- WHAT IS EXPECTED
Below are some entries; reproduce them exactly and leave every picture out.

#### GIVEN RECORDS

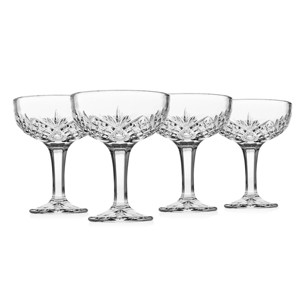 Godinger Silver Set of 4 Dublin Champagne Coupe Glasses: Crystal Drinkware, 6 oz Capacity, Hand Wash, Dishwasher-Safe - 1 of 2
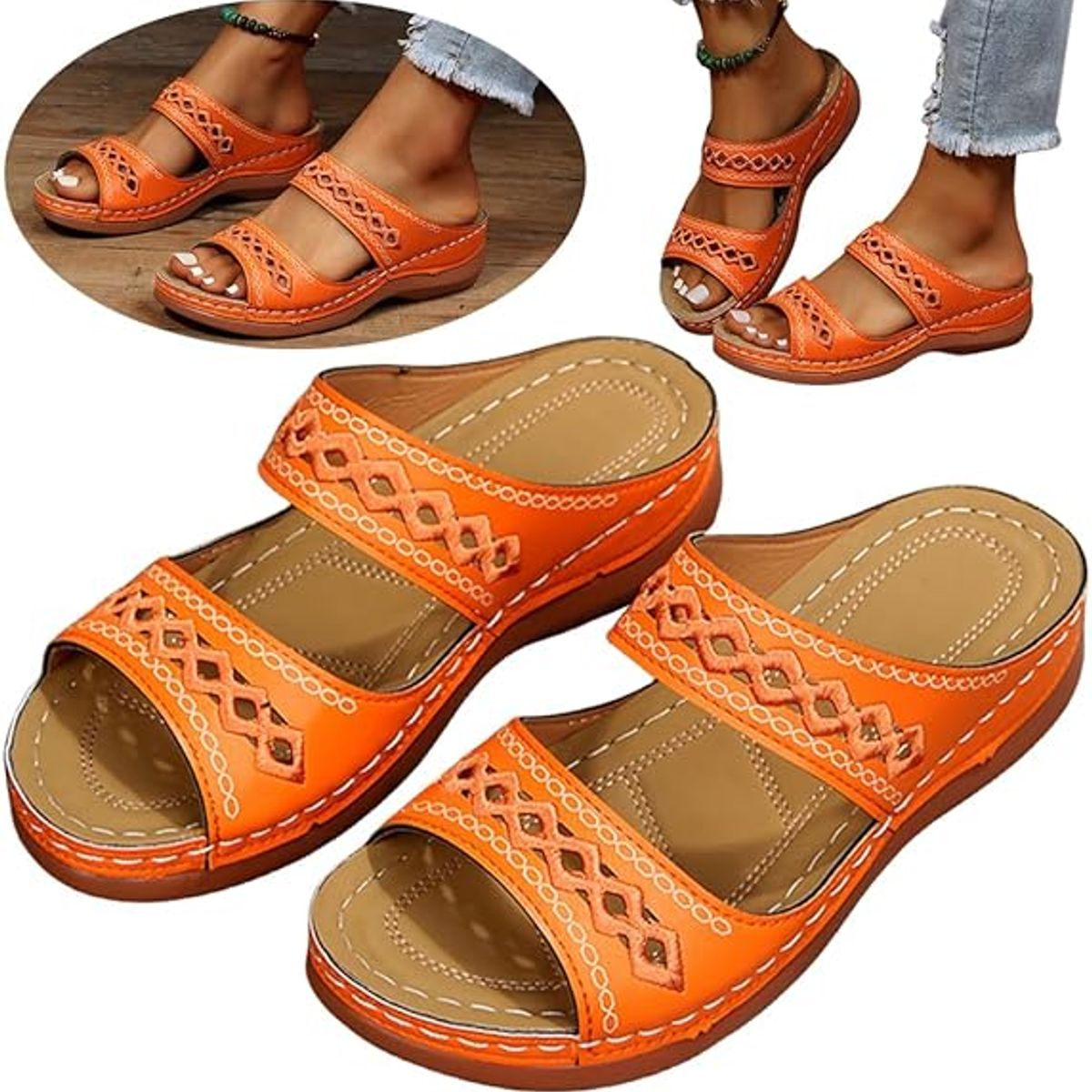 TIOZONEY - Sandalia Mujer -Naranja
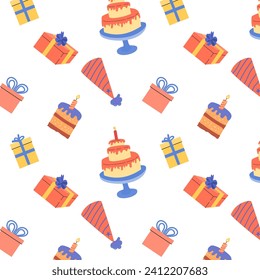 birthday anniversary seamless background with cake and box, birthday hats. Vector illustration isolated. 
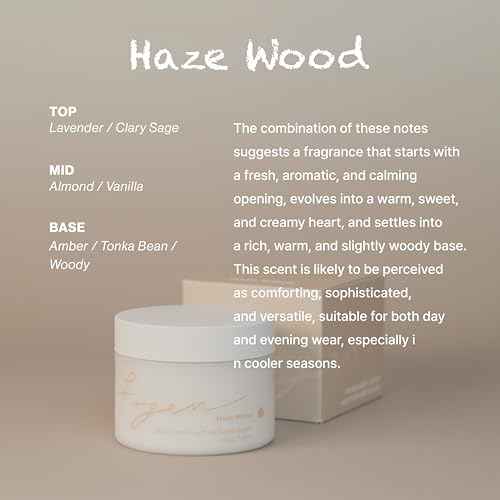 Body Cream with Perfume Splash Haze Wood - 2024 New Version, Lavender Vanilla Amber Shea Butter Argan Oil Smell Good Scented Nourishing Body Lotion Gift Moisturizing for Dry Skin [7.05 OZ]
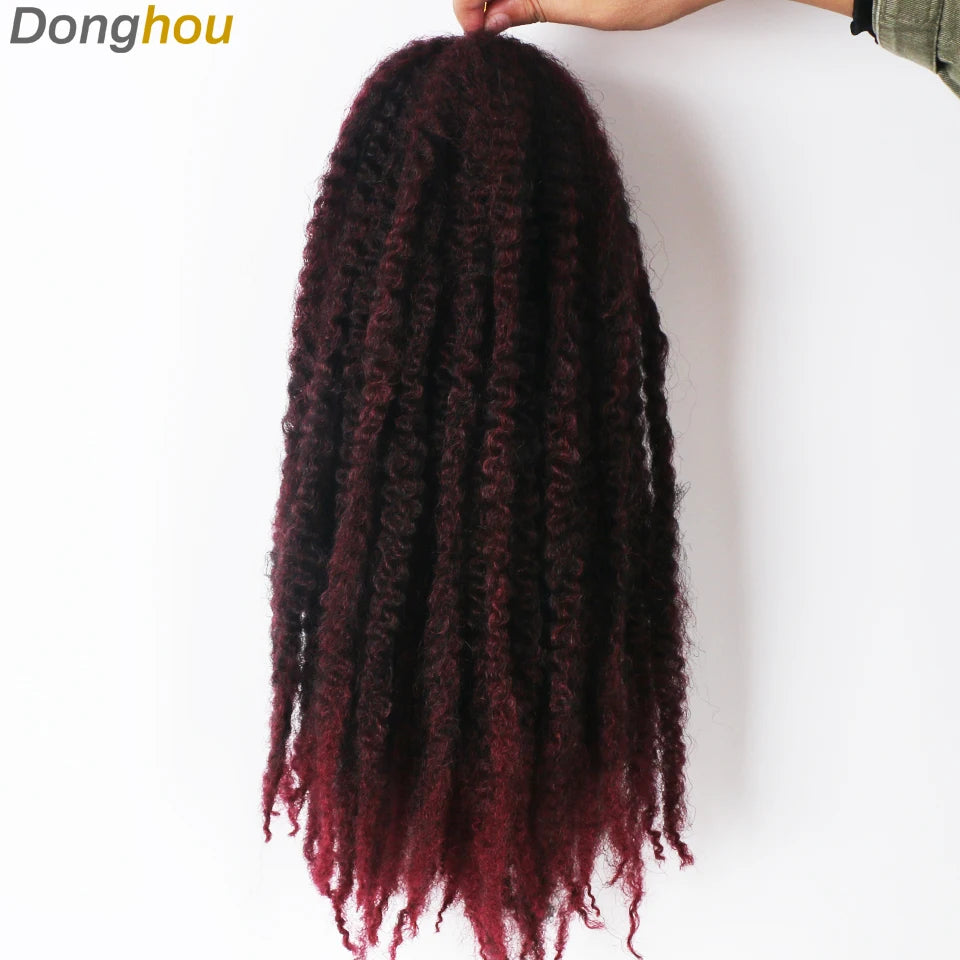 18" Marley Hair for Braids | Afro Kinky Ombre Braiding Hair | Kanekalon Extensions | 30 Strands/Pack Luxegan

########

- SOLUTION TO THIS TASK
 Godinger Silver Set of 4 Dublin Champagne Coupe Glasses: Crystal Drinkware, 6 oz Capacity, Hand Wash, Dishwasher-Safe - 1 of 2
 TIOZONEY - Sandalia Mujer -Naranja
 birthday anniversary seamless background with cake and box, birthday hats. Vector illustration isolated. 
 Body Cream with Perfume Splash Haze Wood - 2024 New Version, Lavender Vanilla Amber Shea Butter Argan Oil Smell Good Scented Nourishing Body Lotion Gift Moisturizing for Dry Skin [7.05 OZ]
 18" Marley Hair for Braids | Afro Kinky Ombre Braiding Hair | Kanekalon Extensions | 30 Strands/Pack Luxegan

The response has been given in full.